Flexion au pupitre (curl Larry Scott)
Le curl au pupitre — aussi appelé curl Larry Scott — fixe le haut du bras contre un appui incliné, rendant impossible toute triche par balancement. Ce soutien force une contraction complète et permet de cibler avec précision la partie antérieure du bras, sans intervention des muscles du dos ou des épaules. C’est également l’exercice de référence pour corriger un déséquilibre entre bras gauche et bras droit, car il vous contraint à travailler avec la même charge des deux côtés. Une variante très populaire consiste à pratiquer le curl au pupitre à la barre EZ : sa forme coudée réduit la tension sur les poignets et offre une prise plus naturelle pour ceux qui ressentent une gêne en prise supination complète.
Curl marteau
Dans cette déclinaison, les paumes restent face à face tout au long du mouvement, sans aucune rotation. Ce choix de prise neutre déplace l’accent du biceps brachial vers le brachial antérieur et le brachioradial, les deux muscles qui constituent le volume interne du bras et contribuent directement à la force de préhension. Le curl concentré partage cette logique d’isolation, mais le curl marteau offre l’avantage d’une prise plus naturelle qui sollicite moins les tendons du coude. Intégrez-le systématiquement si vous pratiquez des tractions, du rowing ou du soulevé de terre : il renforcera votre grip de manière très fonctionnelle.

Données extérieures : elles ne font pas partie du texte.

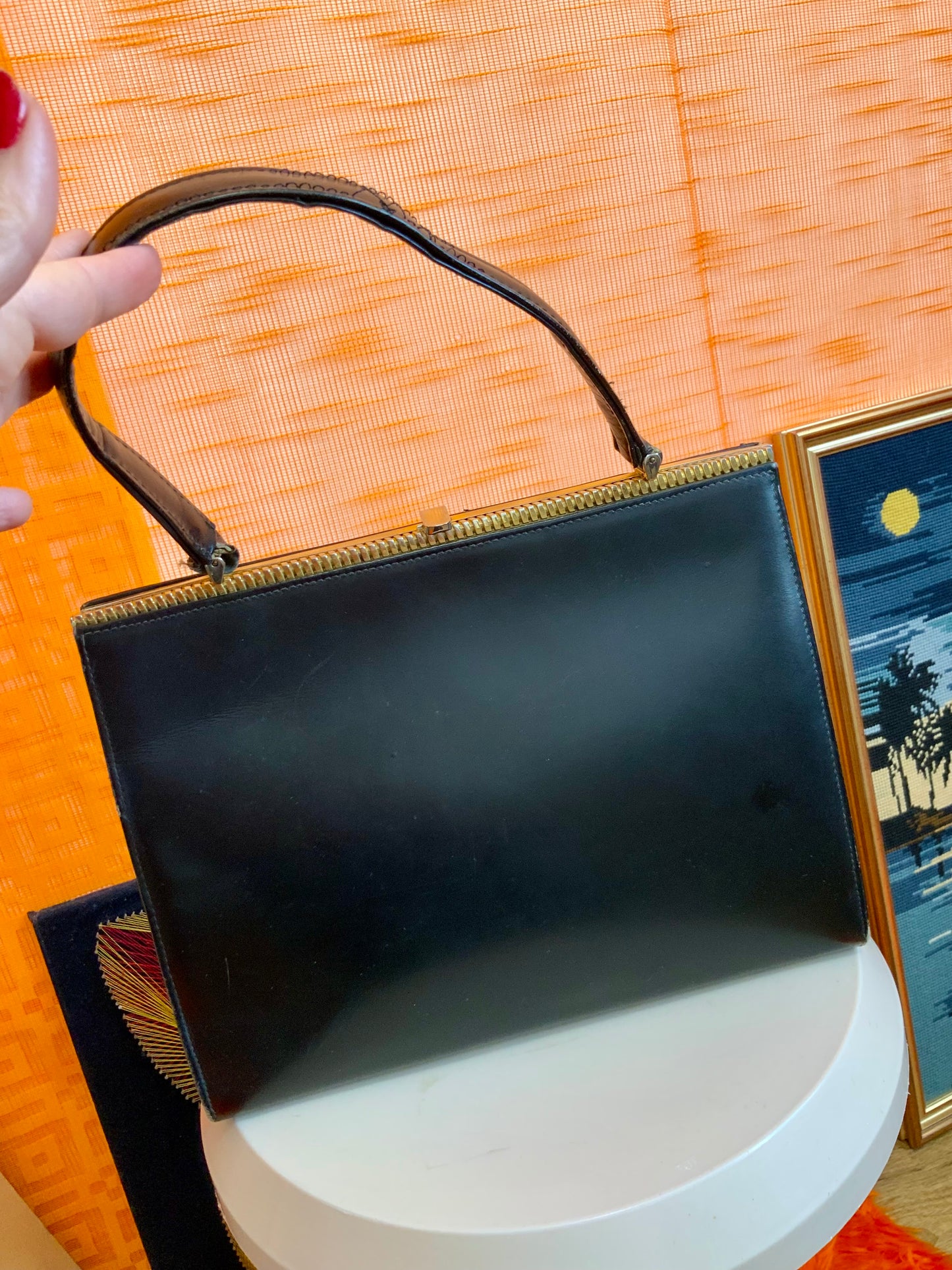 Superbe sac à main Cuit noir métal doré Vintage 1960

Pour ceux qui souhaitent encore varier les stimuli, le curl Zottman combine supination à la montée et pronation à la descente, travaillant ainsi les extenseurs de l’avant-bras lors de la phase excentrique — un exercice très complet que peu de pratiquants connaissent.
💡 Bon réflexe
Ne changez pas de variante toutes les semaines. Restez quatre à six semaines sur la même déclinaison pour permettre à votre système nerveux de mémoriser le schéma moteur et à vos muscles de s’adapter à la charge. La constance dans le choix des exercices est plus efficace que la variété permanente.

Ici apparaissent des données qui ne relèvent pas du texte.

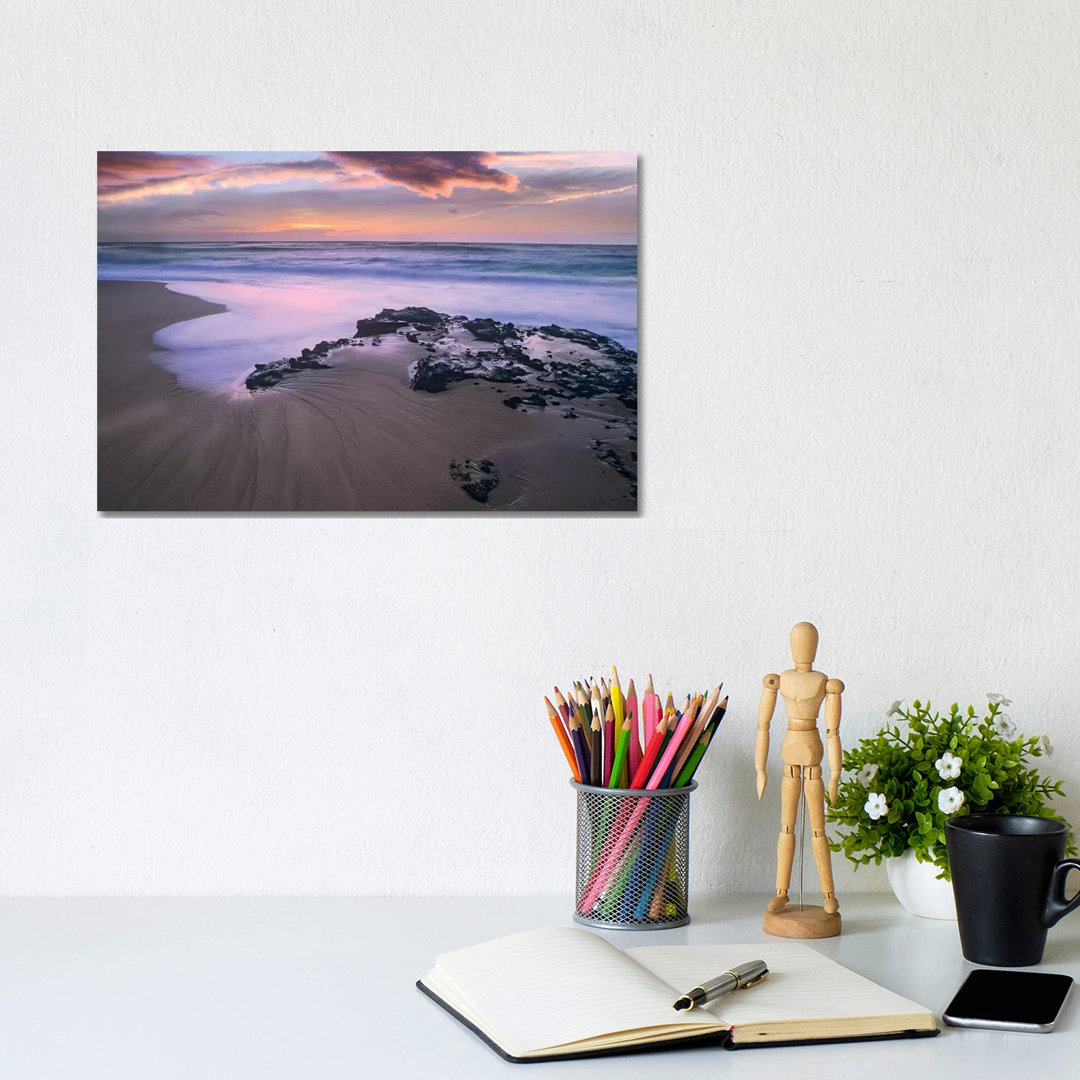 Sandy Beach, Oahu, Hawaii von Tim Fitzharris - Galerie-verpackte Leinwand Giclée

L’échauffement n’est pas une option : c’est une condition de sécurité non négociable. Des muscles froids et des articulations non préparées sont bien plus vulnérables aux microtraumatismes et aux tendinites. Selon sports.gouv.fr, un échauffement adapté de 10 minutes réduit le risque de blessure musculaire de 40 % lors d’exercices de renforcement des membres supérieurs. Pour le curl, la préparation se concentre sur les coudes, les poignets et les épaules.